CATVISH GUIDE
Data Management
High-quality data is the most critical factor in model performance. Catvish provides a professional suite for importing, cleaning, and versioning your image datasets.
Importing Datasets
Navigate to the Data tab in the sidebar. To import data:
- Click the "Add Data" button in the top right.
- Drag and drop a folder containing images (JPG, PNG) into the drop zone. Catvish supports recursive directory scanning.
- (Optional) Upload an existing annotation file (COCO JSON or YOLO TXT) to pre-populate labels.
Duplicate Detection: During import, Catvish calculates the SHA-256 hash of every image. Exact duplicates are automatically flagged and can be removed with one click.
Data Versioning
Catvish treats datasets like code. Instead of separate folders like "dataset_v1", "dataset_v2", we use a commit-based versioning system.
How it Works
- Working Tree: This is your current, editable state. You can add images and change labels here freely.
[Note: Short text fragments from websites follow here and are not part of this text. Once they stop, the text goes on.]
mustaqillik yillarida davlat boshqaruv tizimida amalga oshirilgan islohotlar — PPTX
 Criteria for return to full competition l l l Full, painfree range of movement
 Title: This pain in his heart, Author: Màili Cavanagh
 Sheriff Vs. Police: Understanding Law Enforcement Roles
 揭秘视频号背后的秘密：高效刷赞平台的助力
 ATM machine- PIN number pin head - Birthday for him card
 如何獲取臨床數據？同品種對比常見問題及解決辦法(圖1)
- Committing: When you are happy with the state of the data, create a "Version". This freezes the dataset state (images + labels).
- Checkout: You can switch back to any previous version instantly. This is crucial for reproducing training results.
Split Configuration
Before training, data must be split into three subsets:
- Train (70%): Used by the model to learn.
- Validation (20%): Used during training to tune hyperparameters and check for overfitting.
- Test (10%): Held out completely to evaluate the final model performance.
You can adjust these ratios in the Versions tab. The split is deterministic based on the image hash, ensuring consistent sets across different machines.